**Input material**
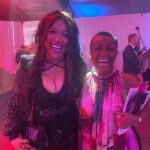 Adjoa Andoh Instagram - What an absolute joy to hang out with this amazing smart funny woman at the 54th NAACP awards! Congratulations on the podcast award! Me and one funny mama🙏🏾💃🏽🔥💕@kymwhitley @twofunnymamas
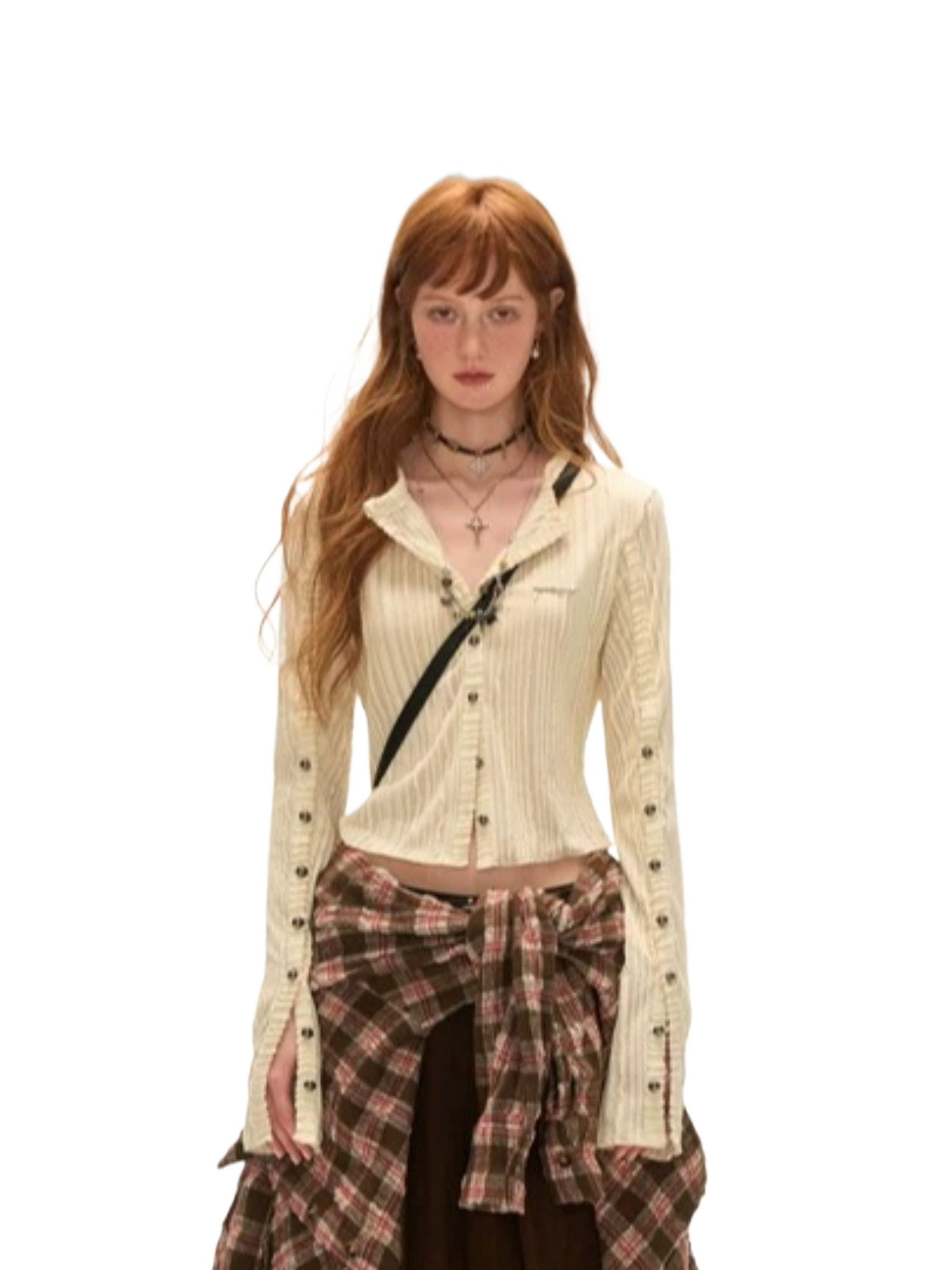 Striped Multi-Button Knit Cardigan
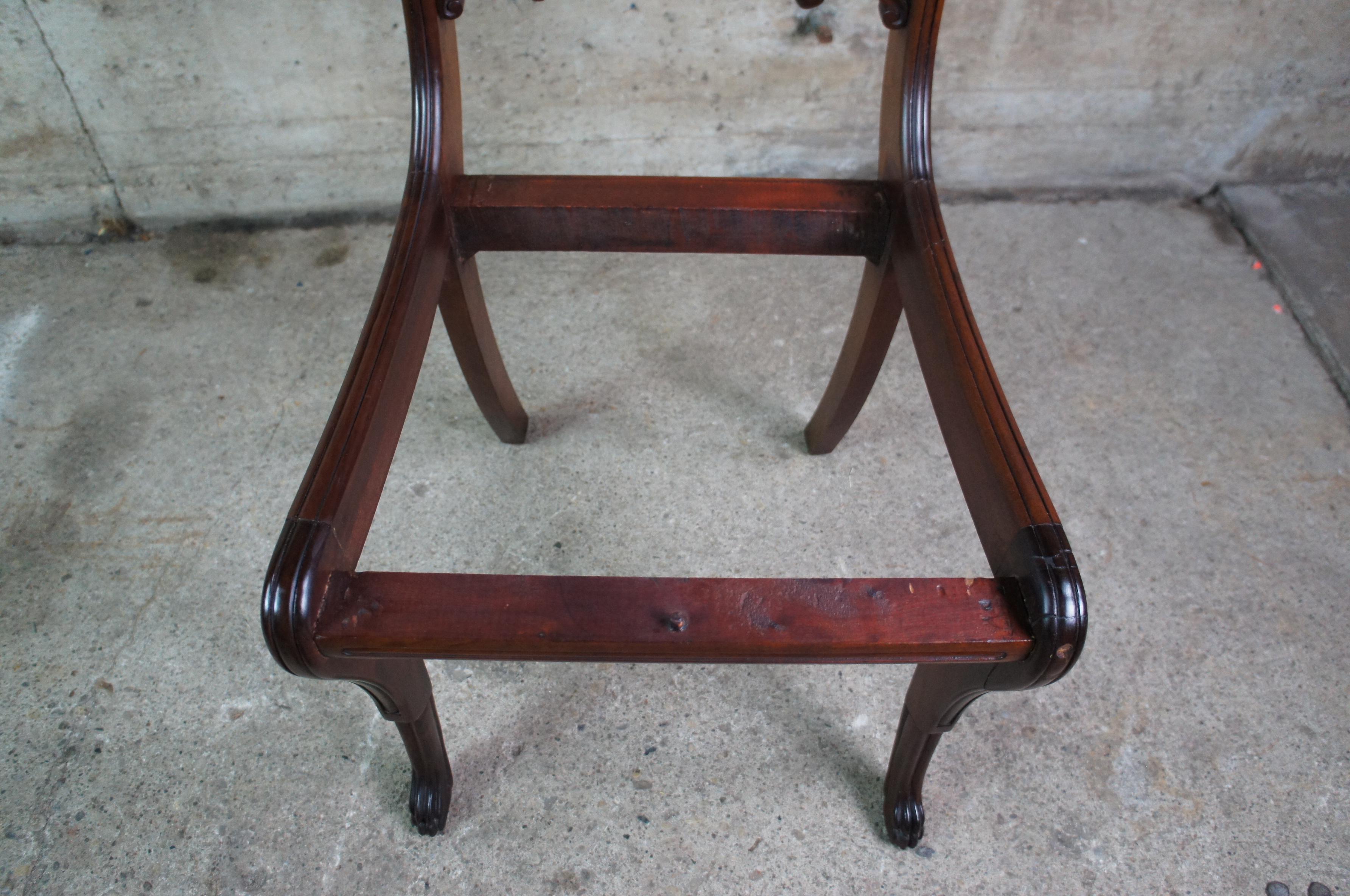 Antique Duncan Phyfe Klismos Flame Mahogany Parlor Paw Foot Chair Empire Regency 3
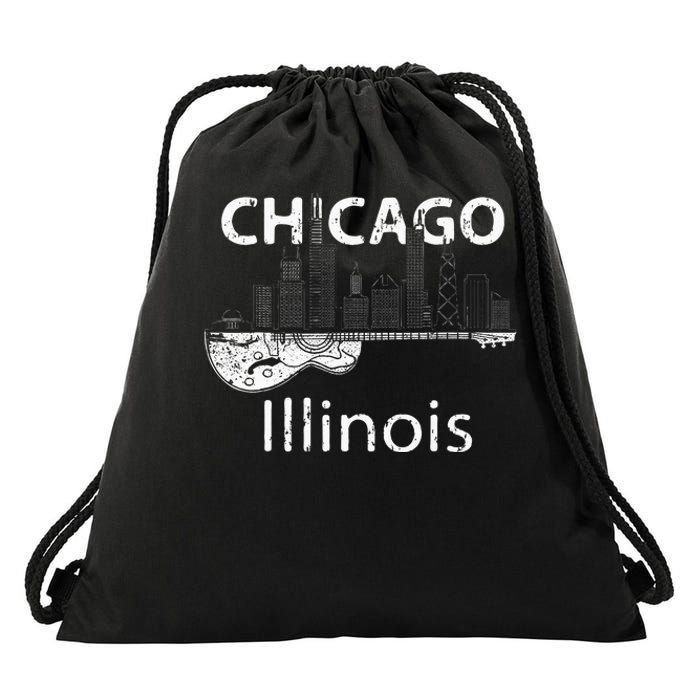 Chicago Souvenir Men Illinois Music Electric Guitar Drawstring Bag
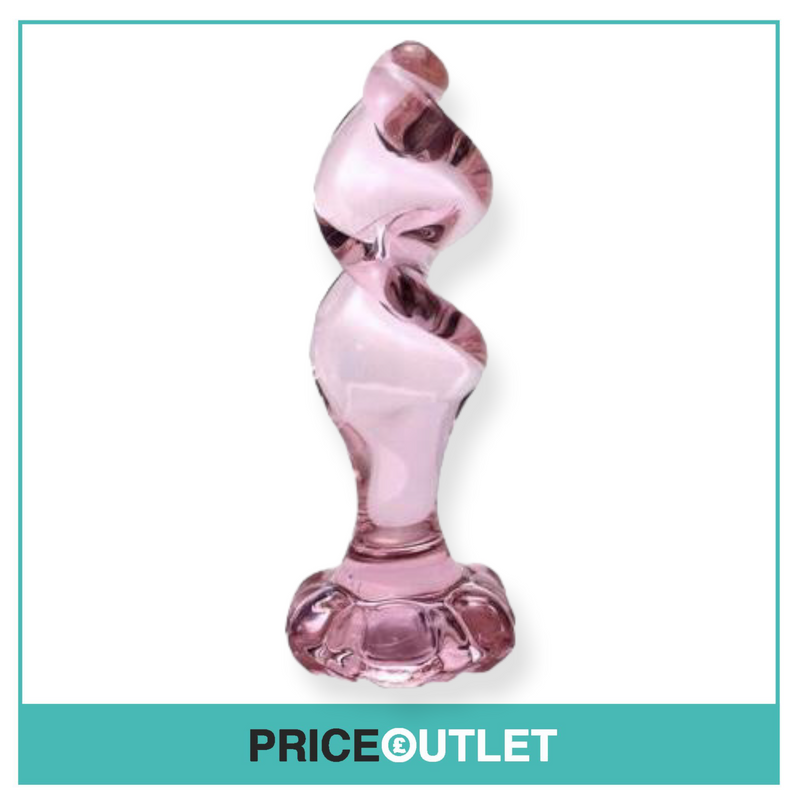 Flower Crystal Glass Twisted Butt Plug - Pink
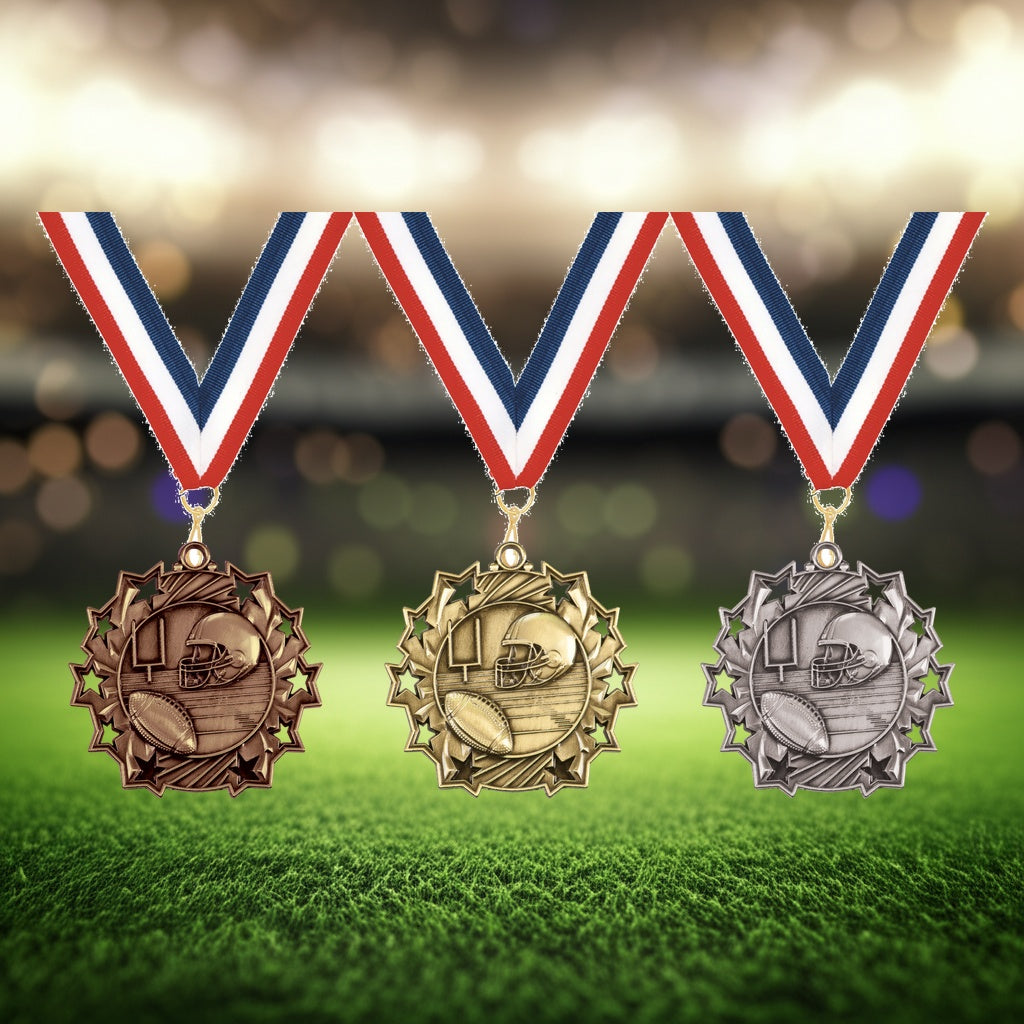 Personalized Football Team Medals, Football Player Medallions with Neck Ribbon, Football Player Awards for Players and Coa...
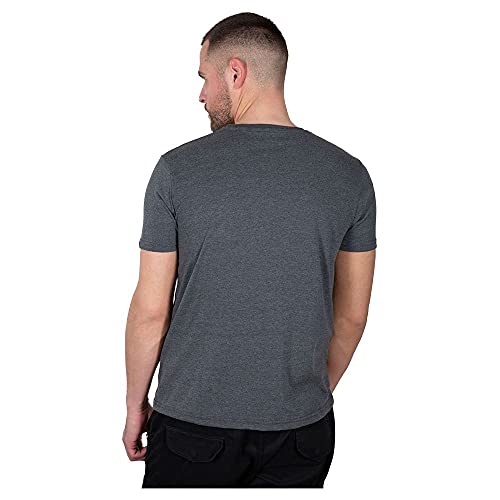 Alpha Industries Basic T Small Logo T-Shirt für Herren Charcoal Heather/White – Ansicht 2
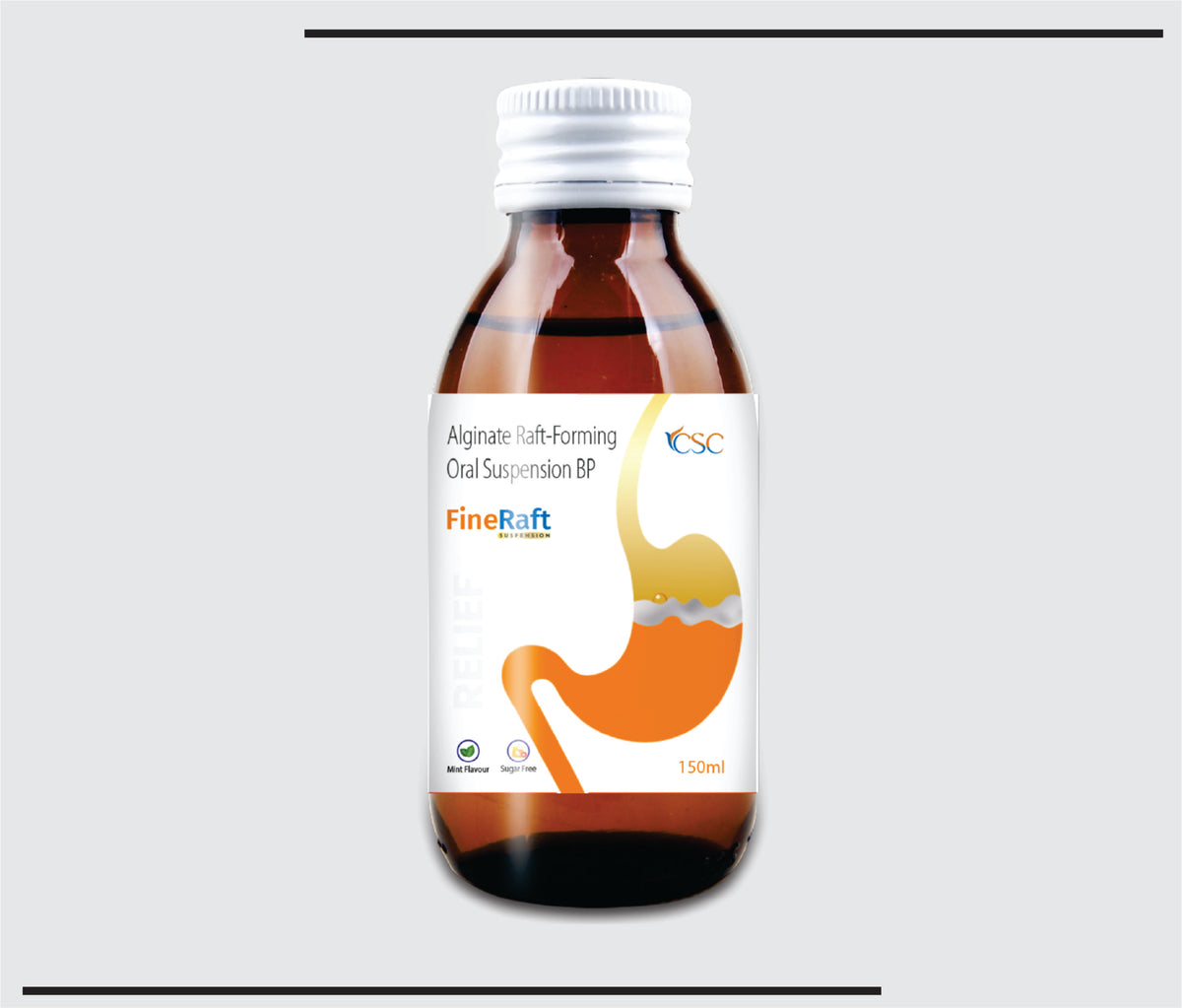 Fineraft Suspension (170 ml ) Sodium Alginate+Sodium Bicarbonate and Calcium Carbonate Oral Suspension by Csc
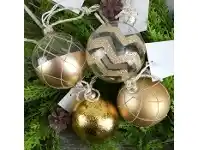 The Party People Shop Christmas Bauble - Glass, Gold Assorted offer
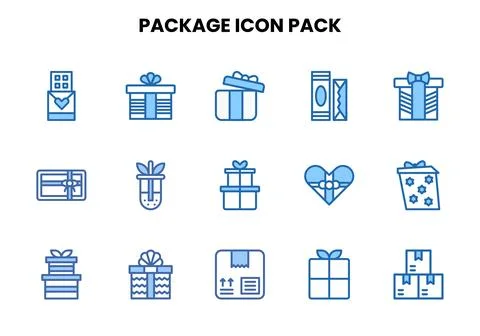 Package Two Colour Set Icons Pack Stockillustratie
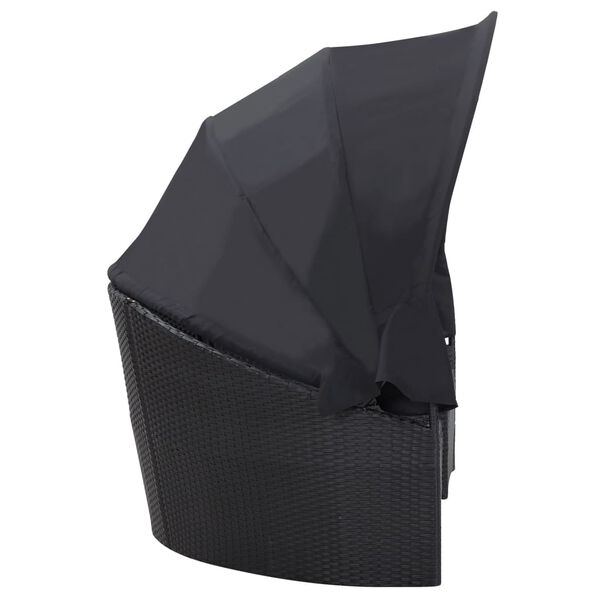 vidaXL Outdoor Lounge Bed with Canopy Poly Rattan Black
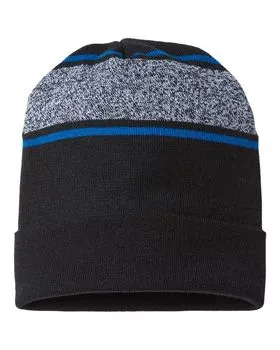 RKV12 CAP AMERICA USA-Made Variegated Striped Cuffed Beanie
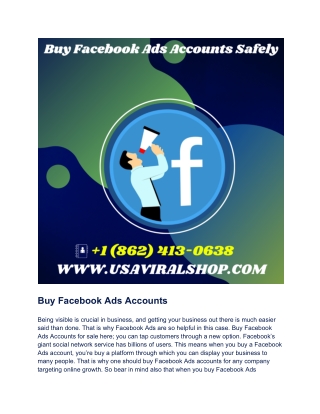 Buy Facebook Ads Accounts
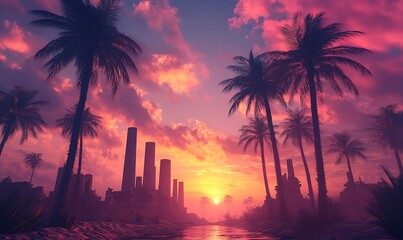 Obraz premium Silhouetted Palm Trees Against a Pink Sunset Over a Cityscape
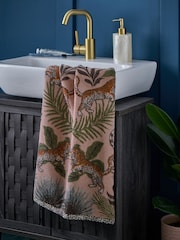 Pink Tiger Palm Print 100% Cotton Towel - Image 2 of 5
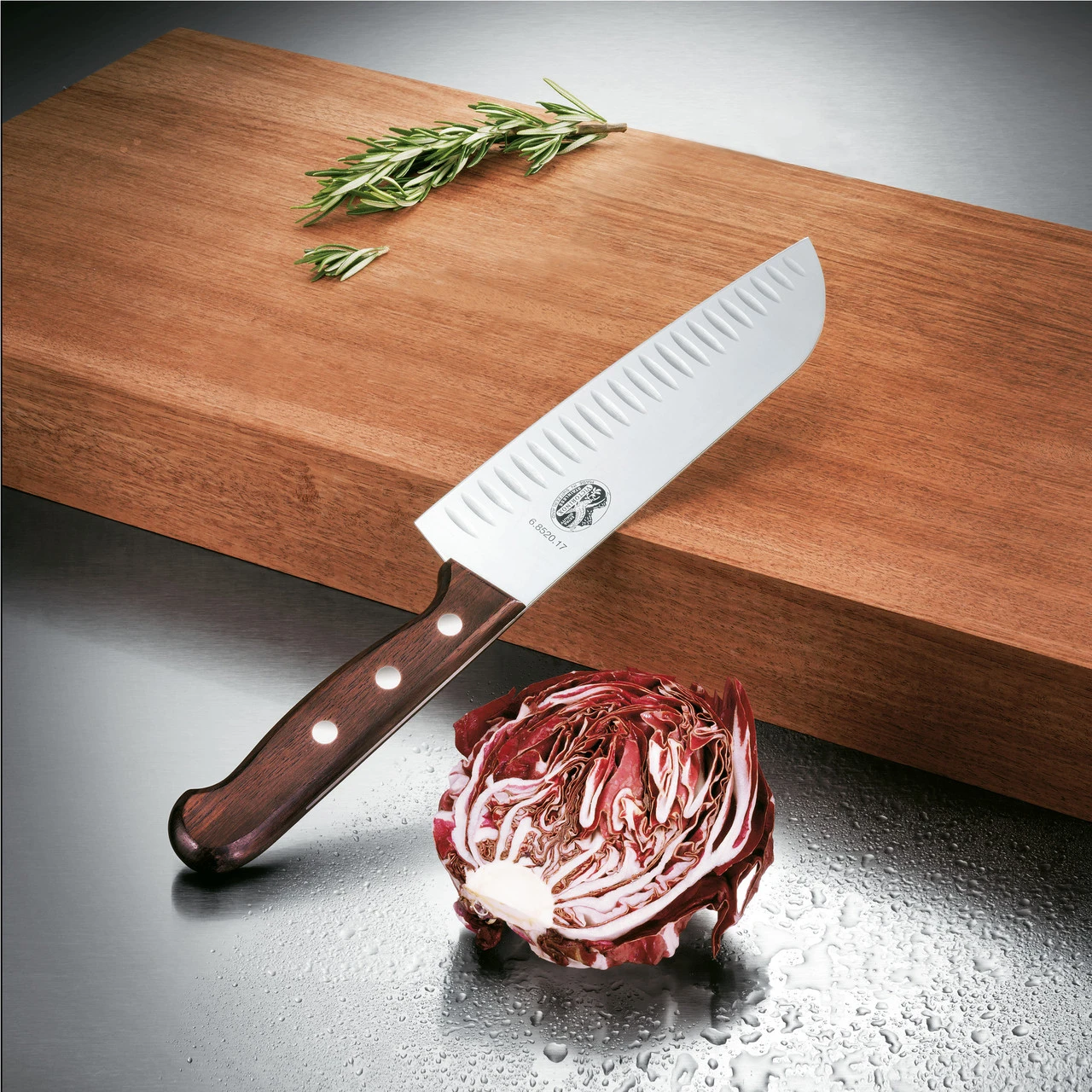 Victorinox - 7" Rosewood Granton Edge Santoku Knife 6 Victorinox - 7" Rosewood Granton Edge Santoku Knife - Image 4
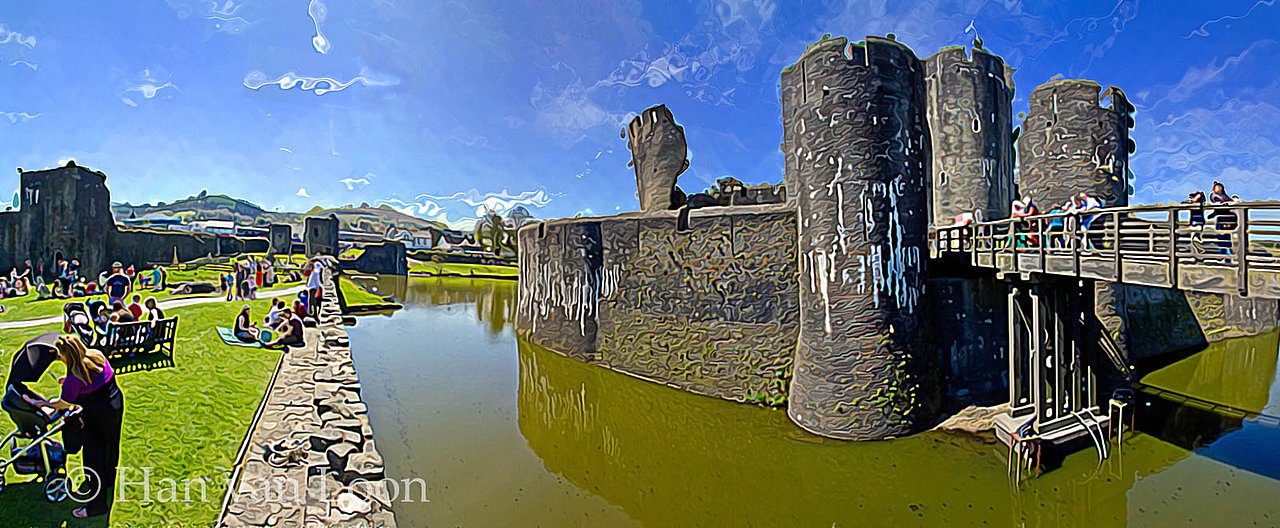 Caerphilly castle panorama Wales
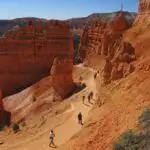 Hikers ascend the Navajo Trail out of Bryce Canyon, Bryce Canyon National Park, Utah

**Problem requirements**
Return the records exactly. Don't carry the pictures over.

**Solved exercise**
 Adjoa Andoh Instagram - What an absolute joy to hang out with this amazing smart funny woman at the 54th NAACP awards! Congratulations on the podcast award! Me and one funny mama🙏🏾💃🏽🔥💕@kymwhitley @twofunnymamas
 Striped Multi-Button Knit Cardigan
 Antique Duncan Phyfe Klismos Flame Mahogany Parlor Paw Foot Chair Empire Regency 3
 Chicago Souvenir Men Illinois Music Electric Guitar Drawstring Bag
 Flower Crystal Glass Twisted Butt Plug - Pink
 Personalized Football Team Medals, Football Player Medallions with Neck Ribbon, Football Player Awards for Players and Coa...
 Alpha Industries Basic T Small Logo T-Shirt für Herren Charcoal Heather/White – Ansicht 2
 Fineraft Suspension (170 ml ) Sodium Alginate+Sodium Bicarbonate and Calcium Carbonate Oral Suspension by Csc
 The Party People Shop Christmas Bauble - Glass, Gold Assorted offer
 Package Two Colour Set Icons Pack Stockillustratie
 vidaXL Outdoor Lounge Bed with Canopy Poly Rattan Black
 RKV12 CAP AMERICA USA-Made Variegated Striped Cuffed Beanie
 Buy Facebook Ads Accounts
 Obraz premium Silhouetted Palm Trees Against a Pink Sunset Over a Cityscape
 Pink Tiger Palm Print 100% Cotton Towel - Image 2 of 5
 Victorinox - 7" Rosewood Granton Edge Santoku Knife 6 Victorinox - 7" Rosewood Granton Edge Santoku Knife - Image 4
 Caerphilly castle panorama Wales
 Hikers ascend the Navajo Trail out of Bryce Canyon, Bryce Canyon National Park, Utah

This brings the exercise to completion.